Jiani Zheng, Lu Wang, Fangkai Yang, Chaoyun Zhang, Lingrui Mei, Wenjie Yin, Qingwei Lin, Dongmei Zhang, Saravan Rajmohan, Qi Zhang

2025-02-27

VEM: Environment-Free Exploration for Training GUI Agent with Value
  Environment Model

Summary

This paper talks about a new way to train AI to interact with computer interfaces (like apps on your phone) without needing to practice on real apps thousands of times. The researchers created a system called VEM that can learn how to use apps by studying data from how humans use them.

What's the problem?

Teaching AI to use apps and websites is tricky. The old way required the AI to practice on real apps many times, which is slow and expensive. Other methods that don't use real apps often make mistakes when faced with new or changed interfaces.

What's the solution?

The researchers created a system called VEM (Value Environment Model). VEM learns from data of humans using apps, understanding which actions are helpful for different tasks. It doesn't need to predict exactly what will happen next, just whether an action is good or bad.
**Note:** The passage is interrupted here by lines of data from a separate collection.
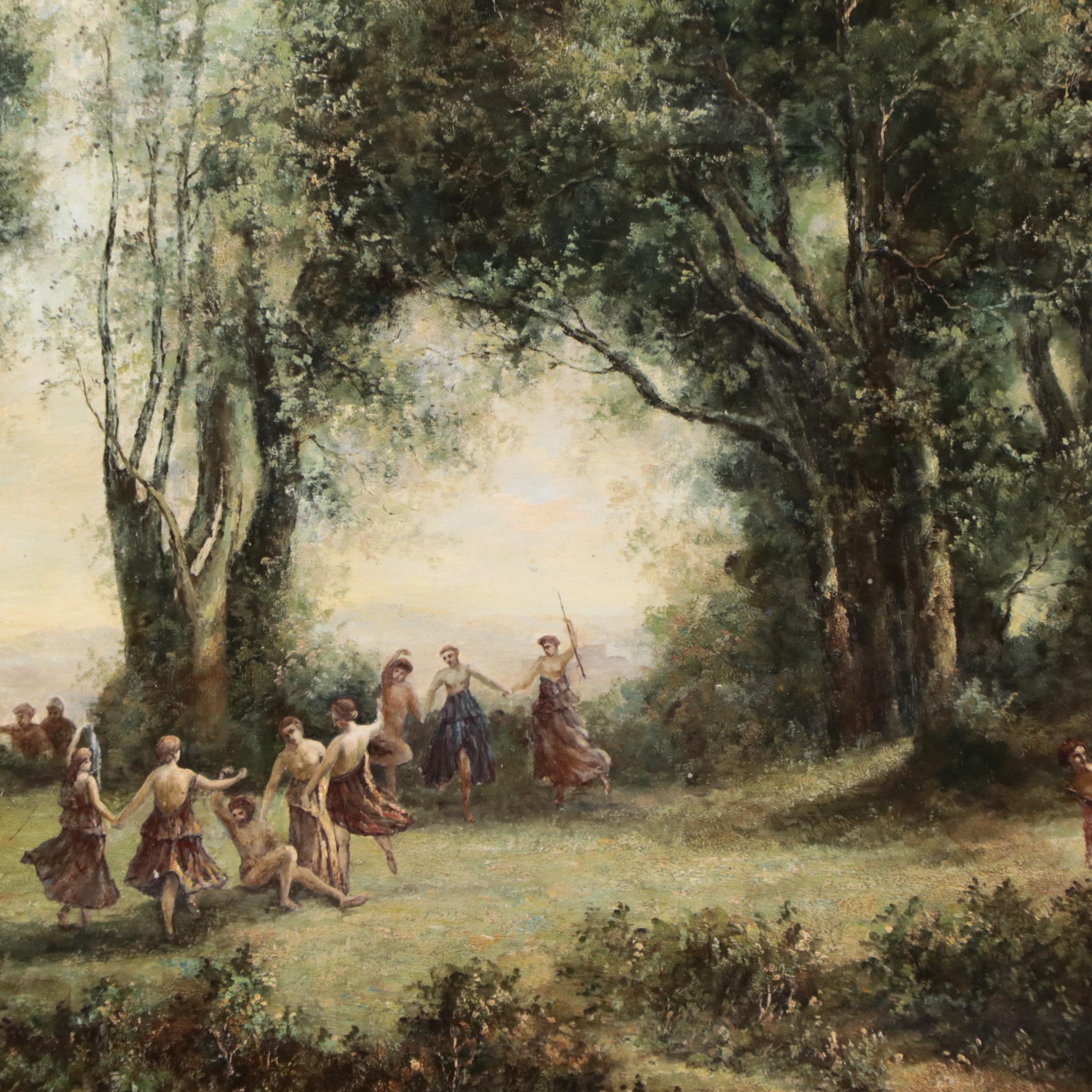 Neoclassical Oil Painting of Figures Dancing in a Landscape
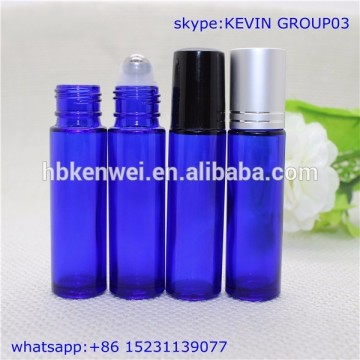 10ml essential oil roller bottles cobalt blue with metal roller ball black cap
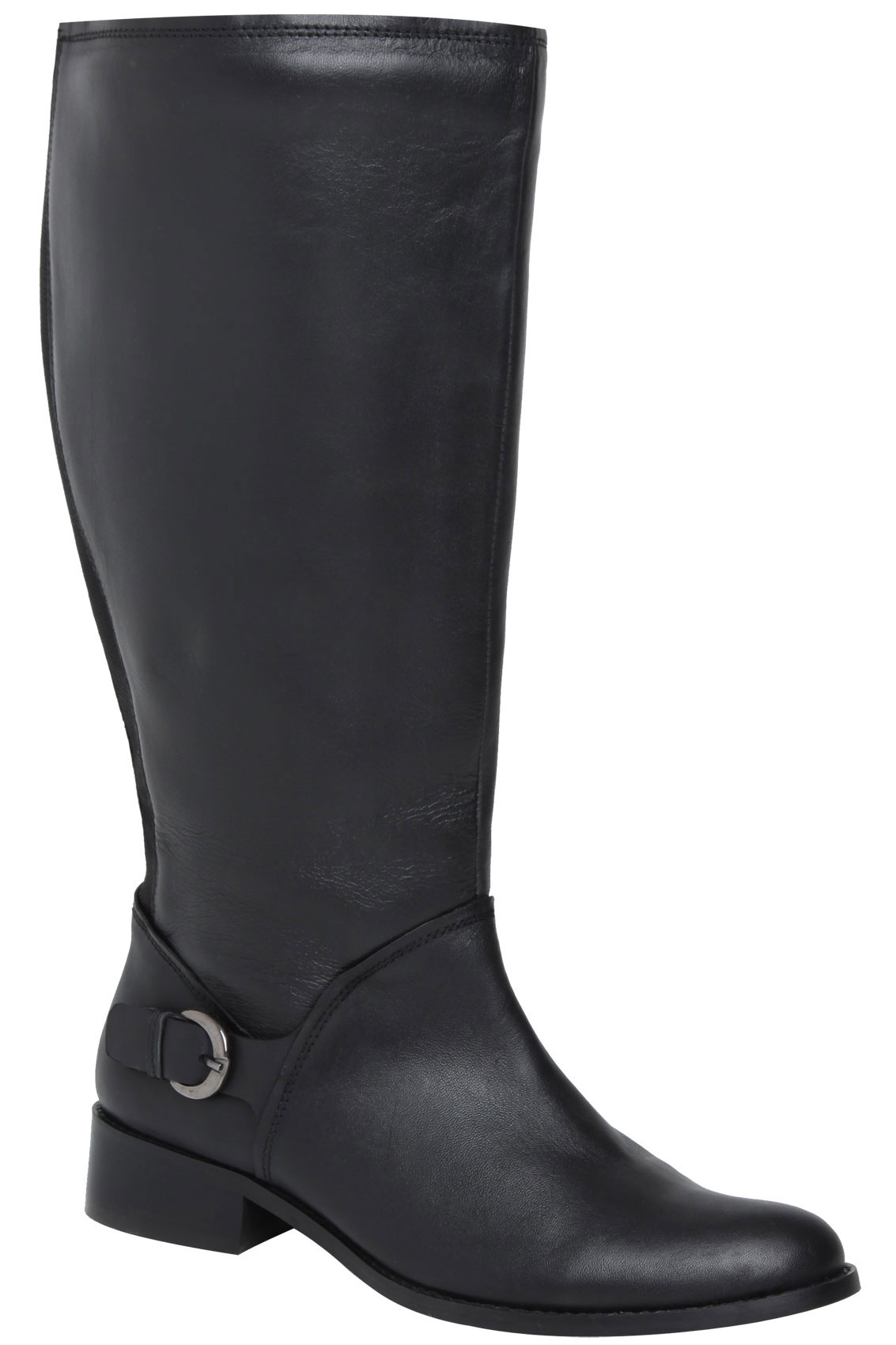 Black Leather Knee High Riding Boots With Buckle Trim & XXL Ca In EEE ...
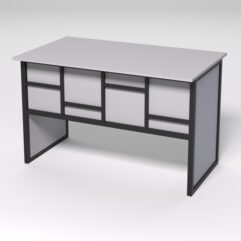 Стол для компьютера СК-31 СТРОНГ в стиле ЛОФТ декор №3, Серый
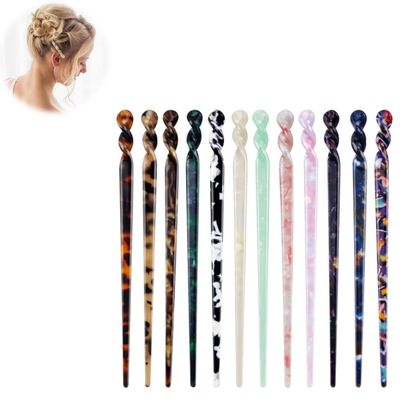 10pcs Vintage Acetate Hair Sticks - Leopard & Tortoise Shell Hair Pins, Retro Hair Chopsticks for Women, Elegant Hair Accessories for Daily Use & Parties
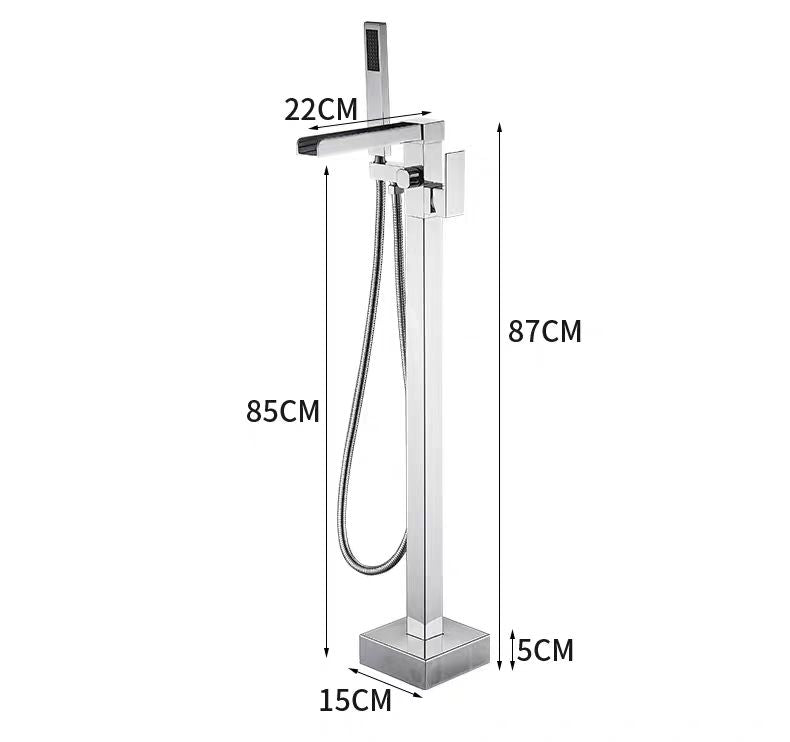 Freestanding Bath Faucet Lisandro – Waterfall Spout – Brushed Gold
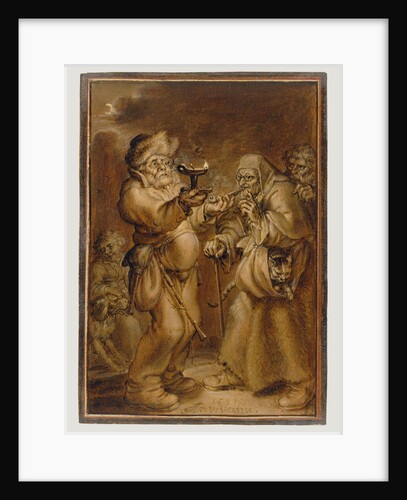 Moralizing Scene with an Old Woman and a Man by Adriaen van de Venne
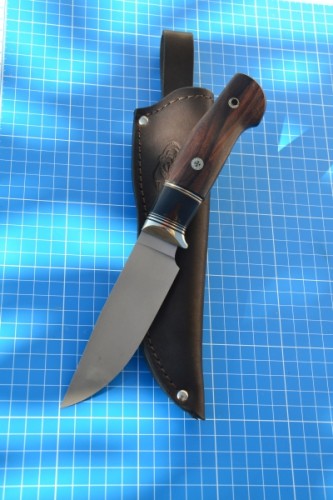Нож Легионер (вариант 2) - сталь PGK, нейзильбер, G10, рог буйвола, зирикот, мозаичные пины.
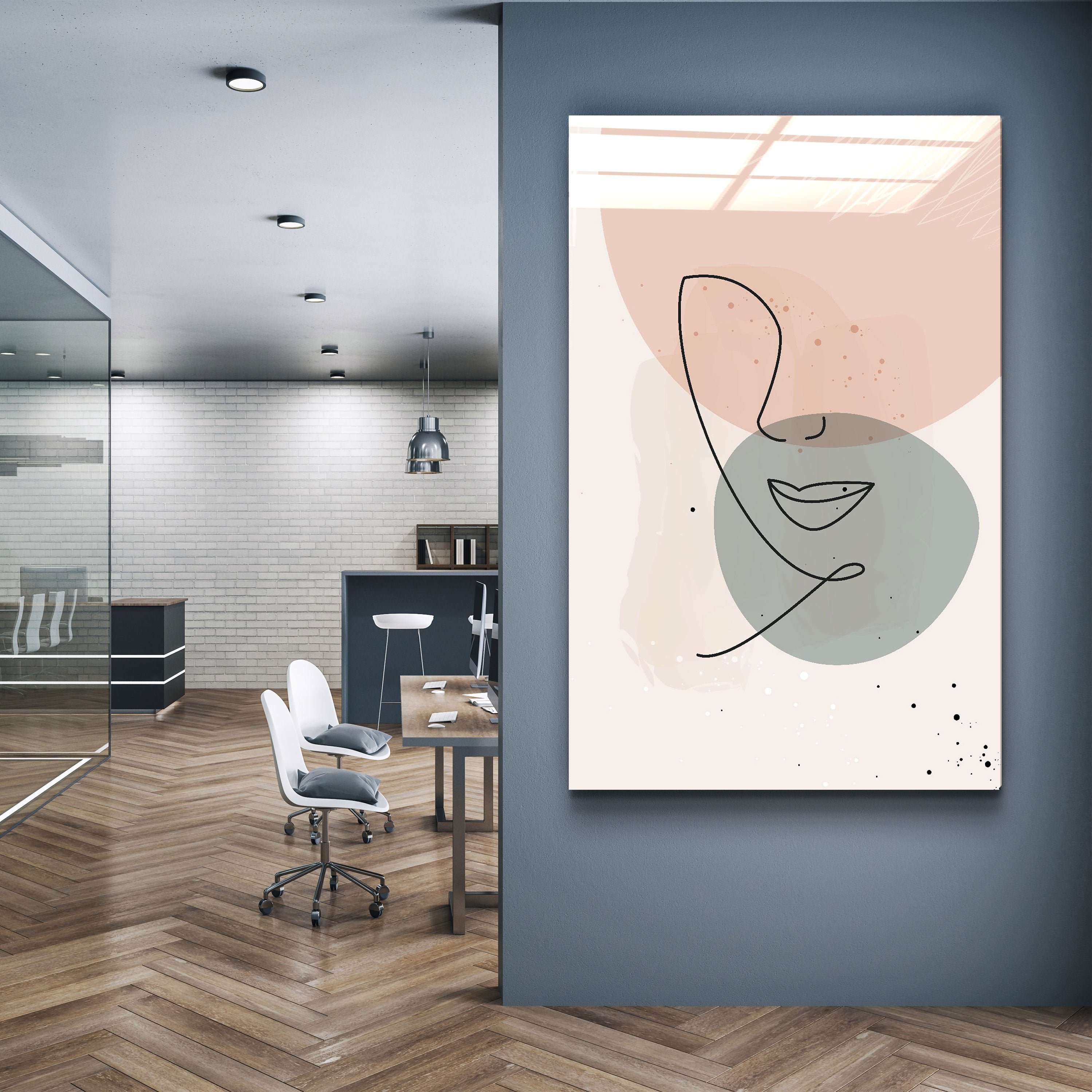 ・"Abstract Shapes and Face V1"・Glass Wall Art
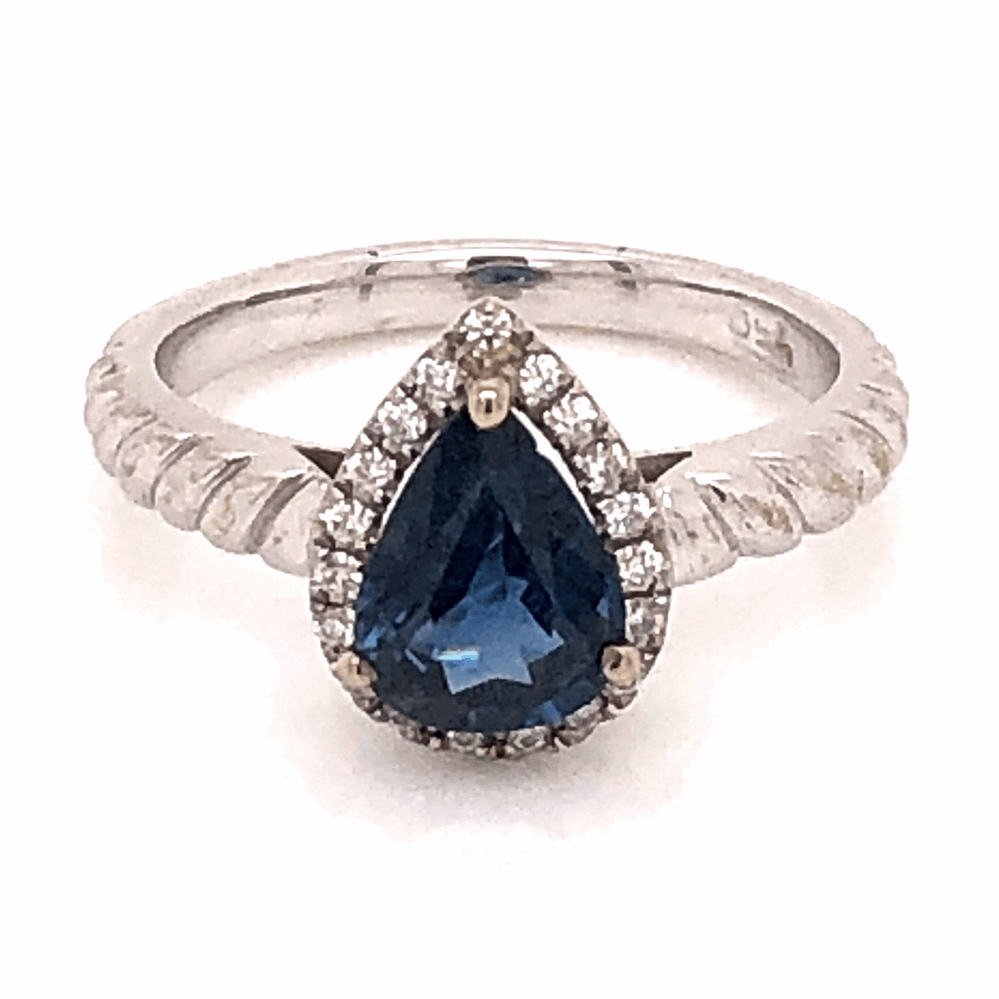 18K White Gold .90ct Pear Sapphire & .14tcw Diamond Ring 3.3g, s3.75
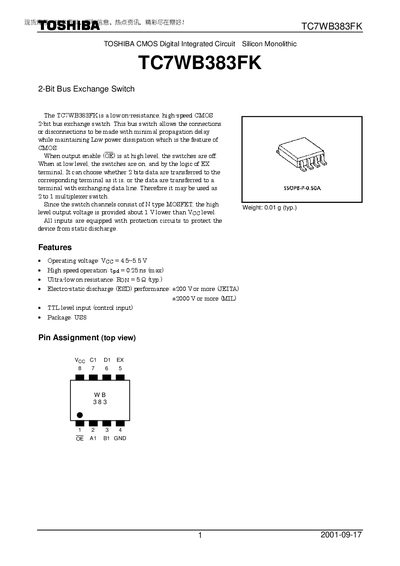 Toshiba TC7WB383FK 2-Bit Bus Exchange Switch Datasheet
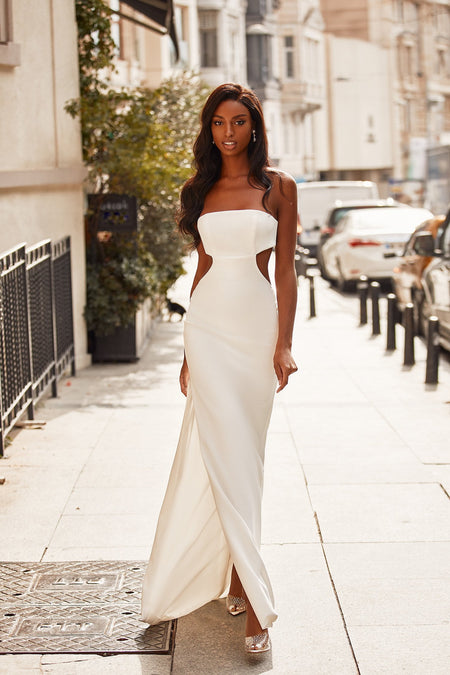 Mabelle Satin Gown - White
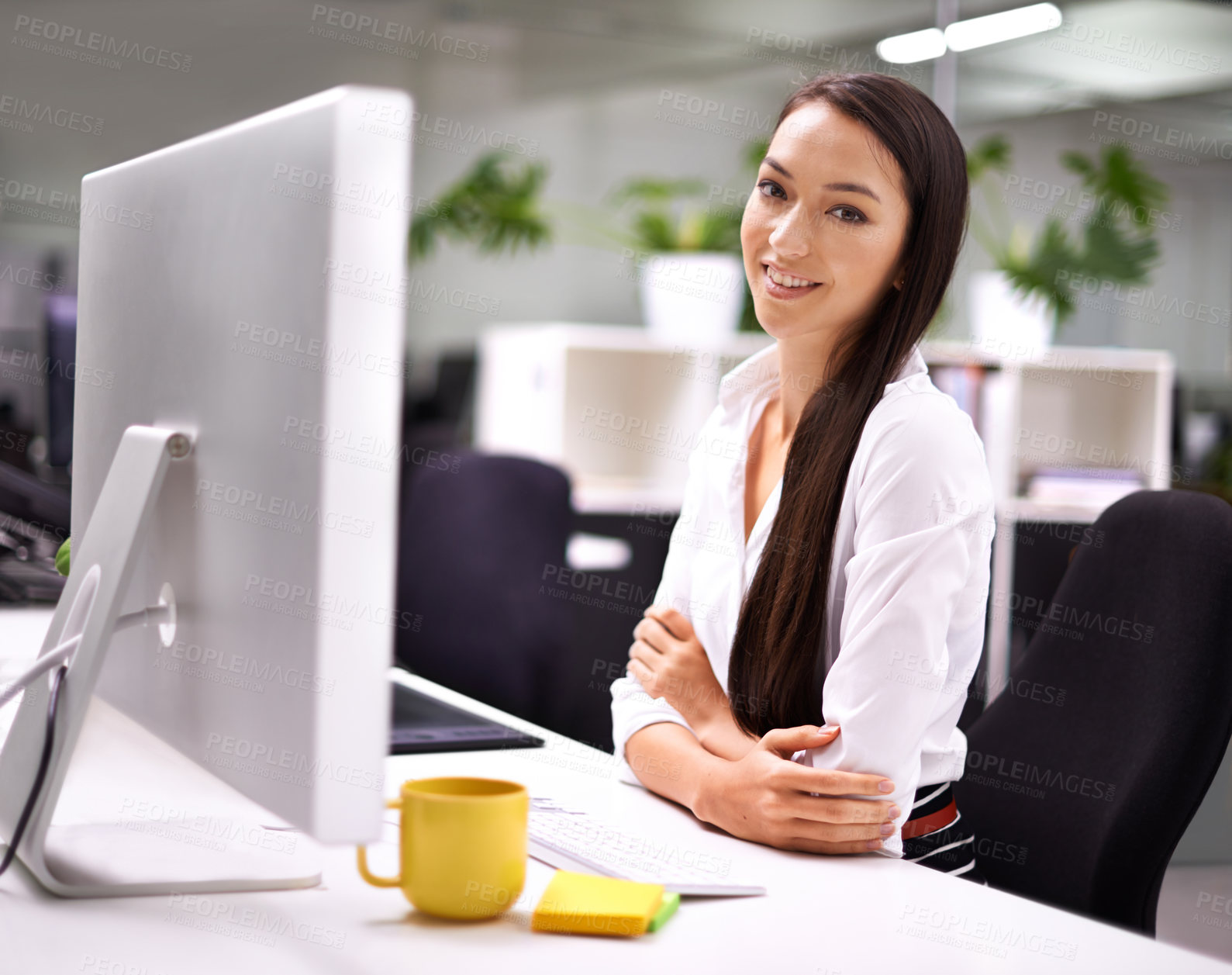 Buy stock photo Office, monitor and portrait of woman at desk for administration, research and compliance. Smile, face and employee with technology for Human Resources, internet search and ready for work with coffee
Then, they use this trained VEM to guide an AI in learning how to use apps without actually practicing on them.

Why it matters?

This matters because it could make it much faster and cheaper to create AI that can help people use complex software or apps. It could lead to better virtual assistants that can actually do tasks for you on your phone or computer. The method is also more flexible, so the AI can adapt to app updates or new interfaces more easily. This could help make technology more accessible to people who struggle with complicated interfaces.

Abstract

Training Vision-Language Models (VLMs) for Graphical User Interfaces (GUI) agents via Reinforcement Learning (RL) faces critical challenges: environment-based RL requires costly interactions, while environment-free methods struggle with distribution shift and reward generalization. We propose an environment-free RL framework that decouples value estimation from policy optimization by leveraging a pretrained Value Environment Model (VEM). VEM predicts state-action values directly from offline data, distilling human-like priors about GUI interaction outcomes without requiring next-state prediction or environmental feedback. This avoids compounding errors and enhances resilience to UI changes by focusing on semantic reasoning (e.g., Does this action advance the user's goal?). The framework operates in two stages: (1) pretraining VEM to estimate long-term action utilities and (2) guiding policy exploration with frozen VEM signals, enabling layout-agnostic GUI automation. Evaluated on Android-in-the-Wild benchmarks, VEM achieves state-of-the-art performance in both offline and online settings, outperforming environment-free baselines significantly and matching environment-based approaches without interaction costs. Importantly, VEM demonstrates that semantic-aware value estimation can achieve comparable performance with online-trained methods.